INTERVIEWER
Most of your tales are laid in the last century, aren’t
they? You never write about modern times.
DINESON
I do, if you consider that the time of our grandparents,
that just-out-of-reach time, is so much a part of us. We absorb so much
without being aware. Also, I write about characters who together are the
tale. I begin, you see, with a flavor of the tale. Then I find the characters,
and they take over. They make the design, I simply permit them their liberty.
Now, in modern life and in modern fiction there is a kind of atmosphere and
above all an interior movement—inside the characters—which is something else again.
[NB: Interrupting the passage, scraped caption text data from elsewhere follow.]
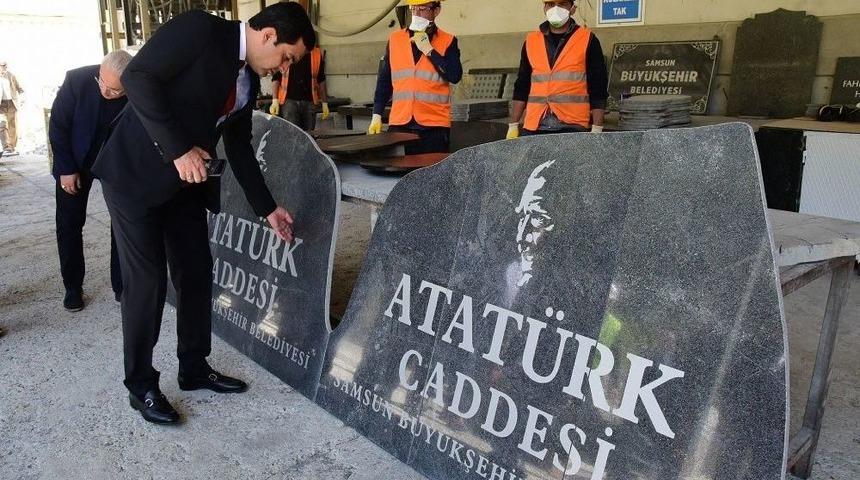 Başkan Yılmaz Konuklarına Samsun&rsquo;u Tanıttı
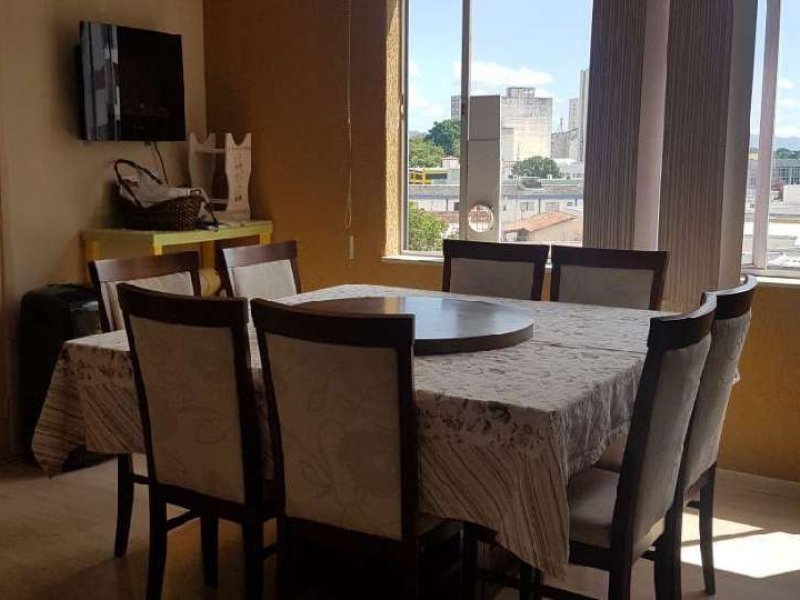 Apartamento à venda Centro com 120m² e 4 quartos por R$ 380.000 - 667482455-58b5e4f47c133c2f0a5f680280b21c3d.jpg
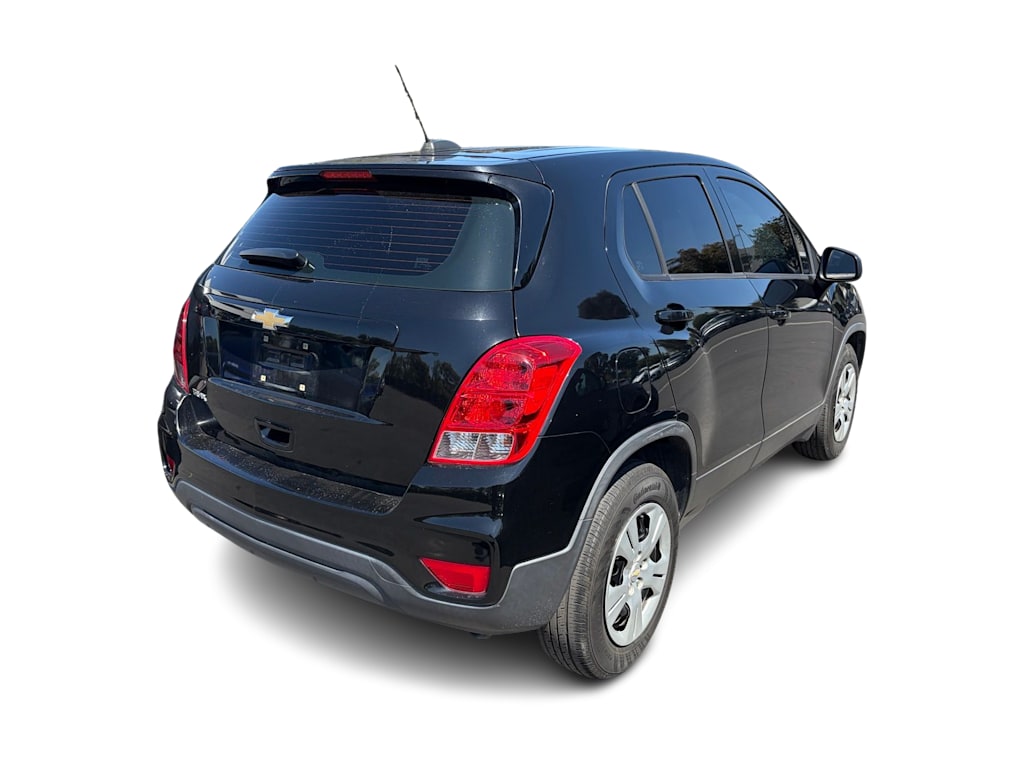 Thumbnail: 2018 Chevrolet Trax - 9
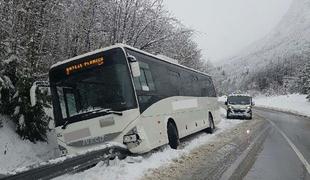 Zaradi snega številne težave na slovenskih cestah: avtobus v jarek #foto #video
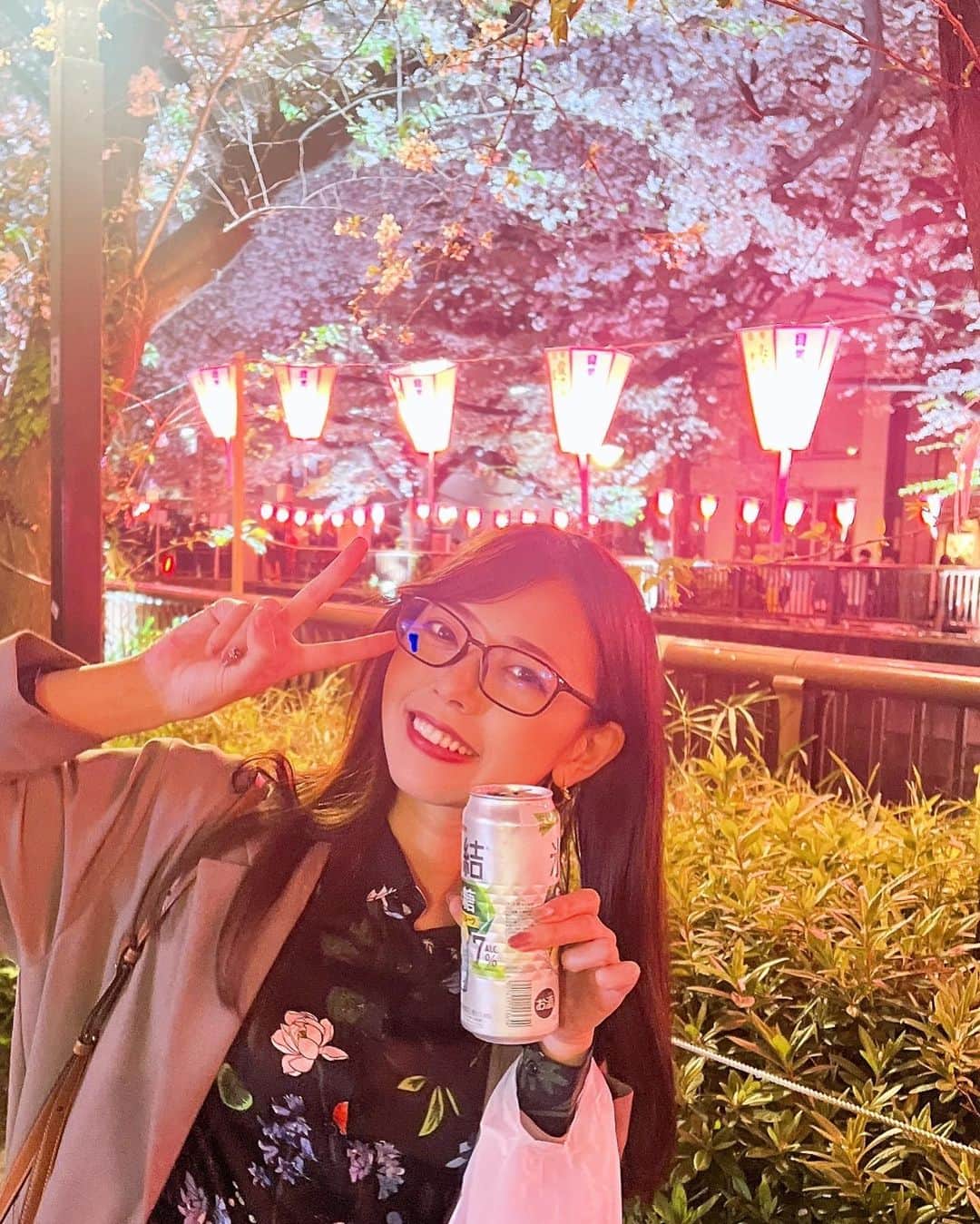 のインスタグラム：「spring time 今年もお花見ガチ勢 with ちいかわ  #ちいかわ #ちいかわのいる生活 #お花見 #お花見スポット #目黒川 #目黒川の桜 #目黒川桜まつり #桜まつり #桜 #桜ライトアップ #cherryblossom #cerry #sakura」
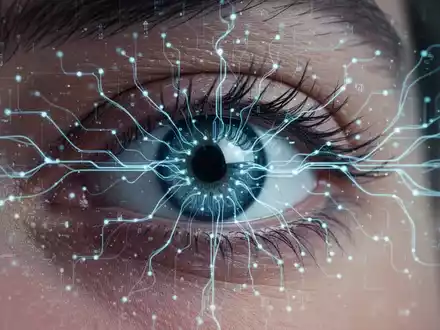 Nahaufnahme eines menschlichen Auges mit Überlagerungen, die neuronale Aktivität und Blickverfolgung darstellen, vor einem unscharfen Hintergrund. - Foto: über boerse-global.de
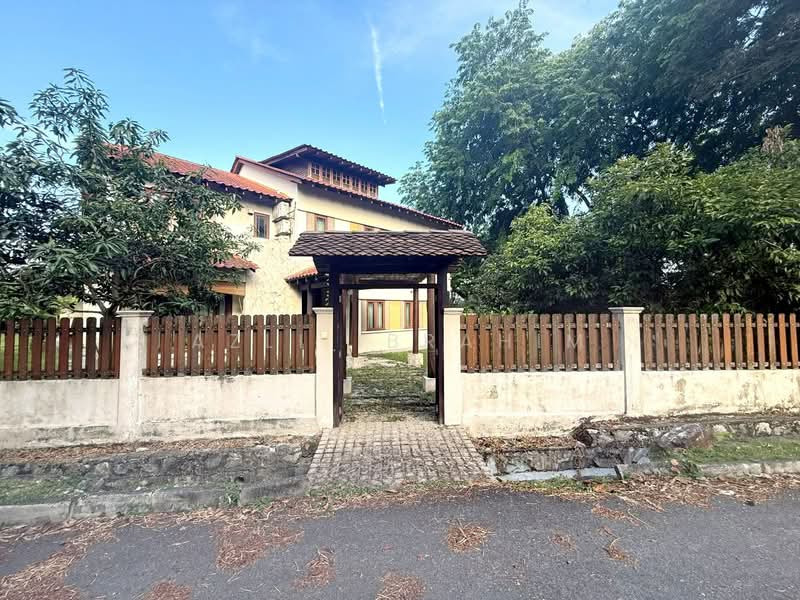 Rumah Banglo untuk Dijual di Seksyen 11 (Shah Alam) - Azli Ibrahim - Exterior - PropertyGuru.com.my
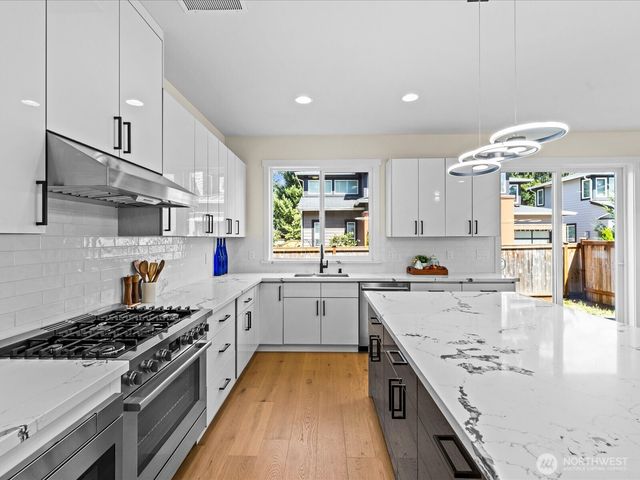 1719 163rd Court NE, Bellevue, WA 98008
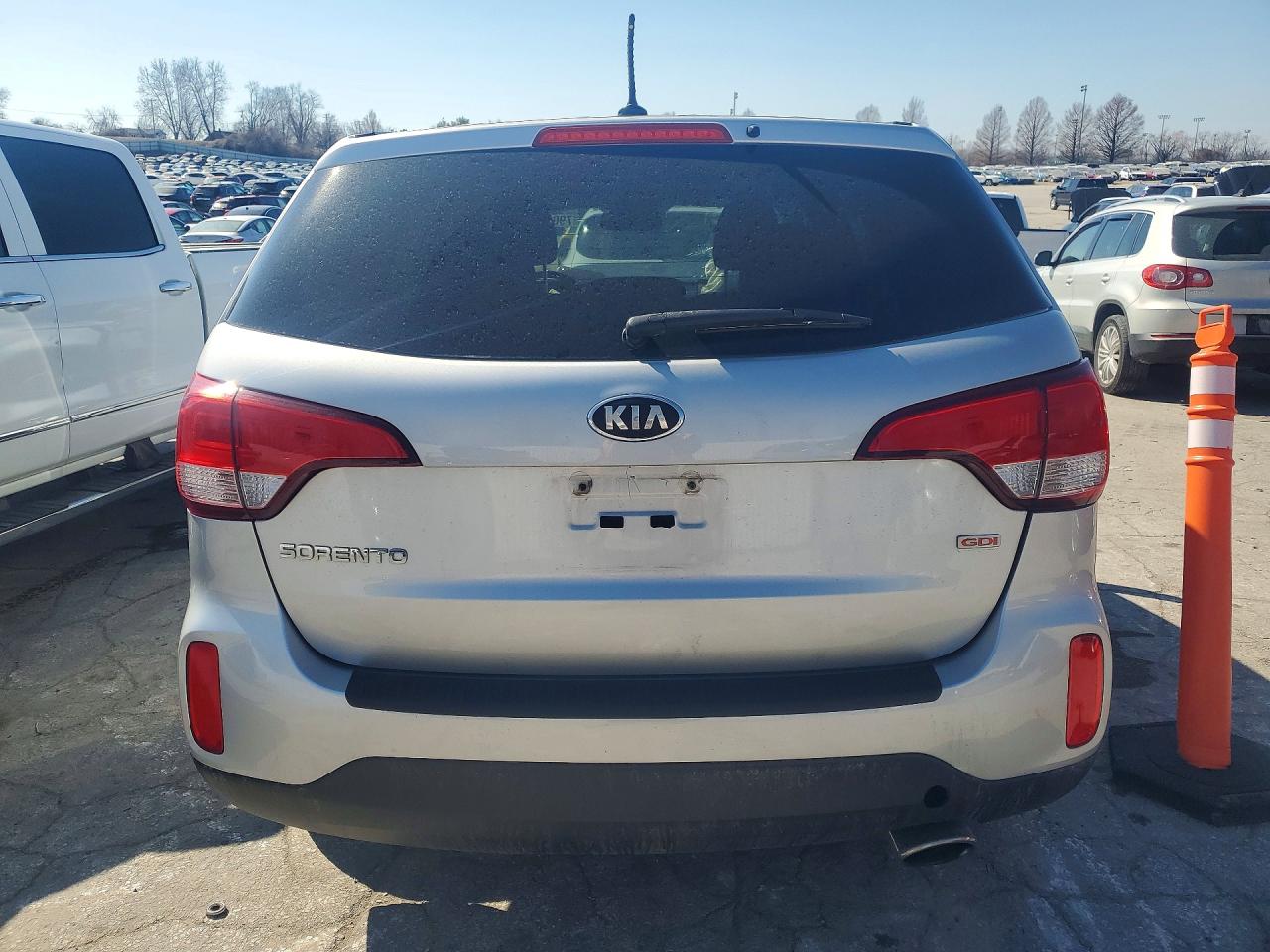 2014 KIA SORENTO LX photo 16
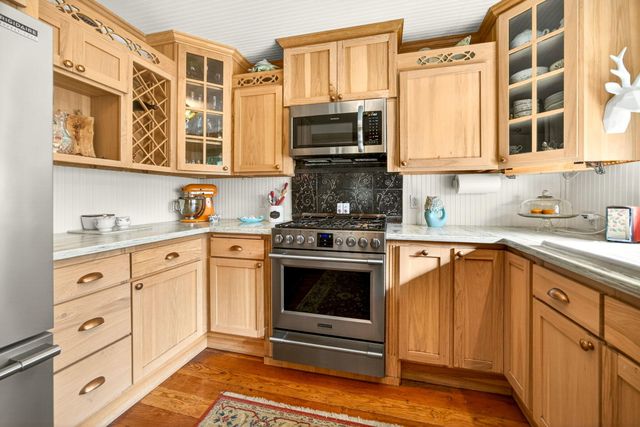 645 E California Street, Jacksonville, OR 97530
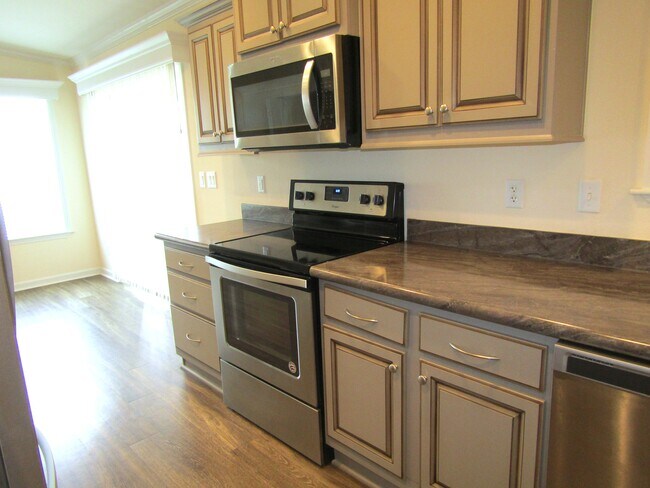 Building Photo - 37 Jurua Ct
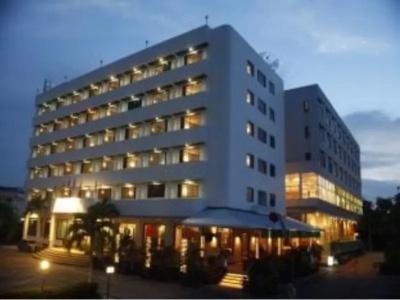 Boon Siam - 19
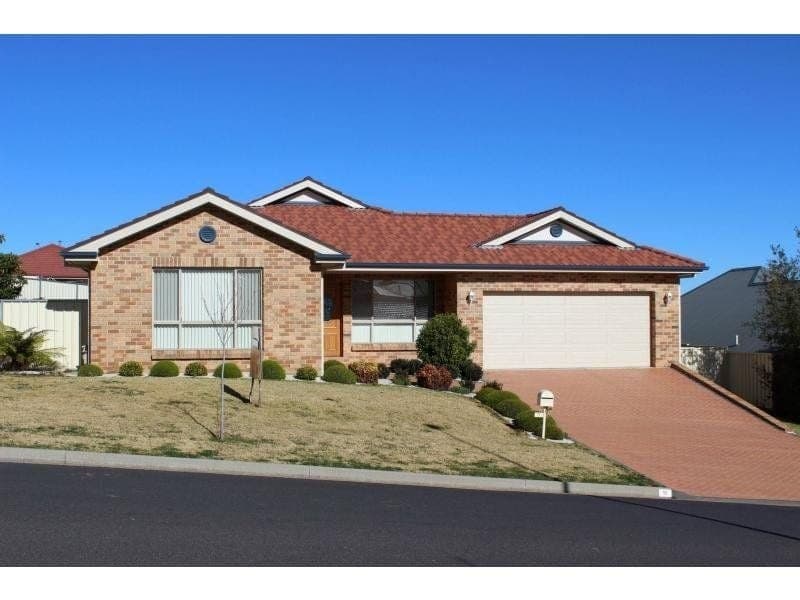 11 Holman Way ORANGE NSW, Orange - Image 1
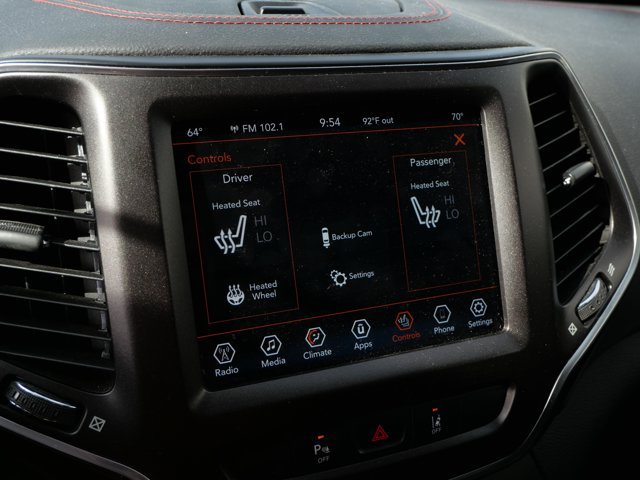Used 2021 Jeep Cherokee Trailhawk w/ Trailer Tow Group AWD/4WD image 26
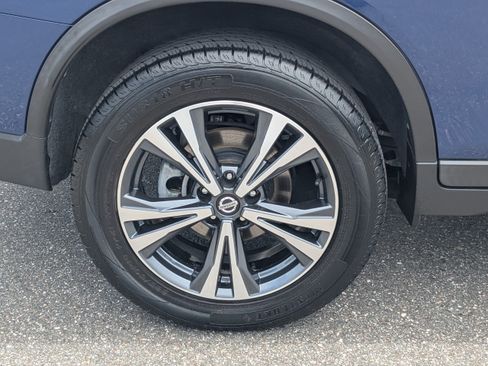 Used 2019 Nissan Rogue SV w/ Premium Package AWD/4WD image 10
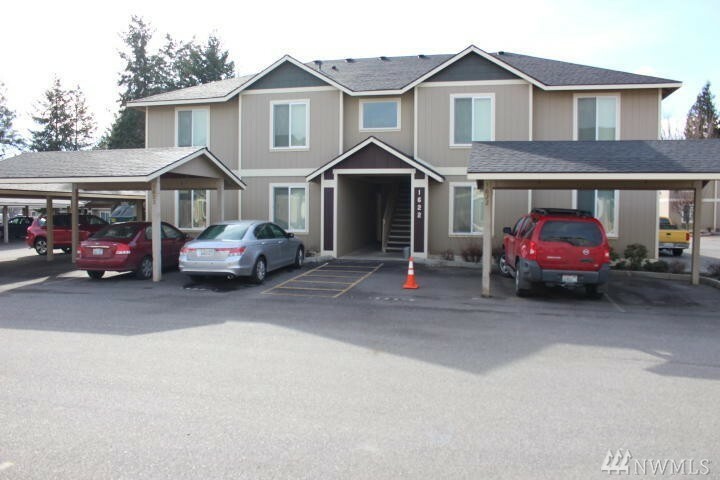 Property Photo: 1622 Stella Ave 1 WA 98801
I feel that in life and in art people have drawn a little apart in this
century. Solitude is now the universal theme. But I write about characters
within a design, how they act upon one another. Relation with others is
important to me, you see, friendship is precious to me, and I have been blessed
with heroic friendships. But time in my tales is flexible. I may begin in the
eighteenth century and come right up to World War I. Those times have been
sorted out, they are clearly visible. Besides, so many novels that we think are
contemporary in subject with their date of publication—think of Dickens or
Faulkner or Tolstoy or Turgenev—are really set in an earlier period, a
generation or so back. The present is always unsettled, no one has had time to
contemplate it in tranquillity ... I was a painter before I was a writer ...
and a painter never wants the subject right under his nose; he wants to stand
back and study a landscape with half-closed eyes.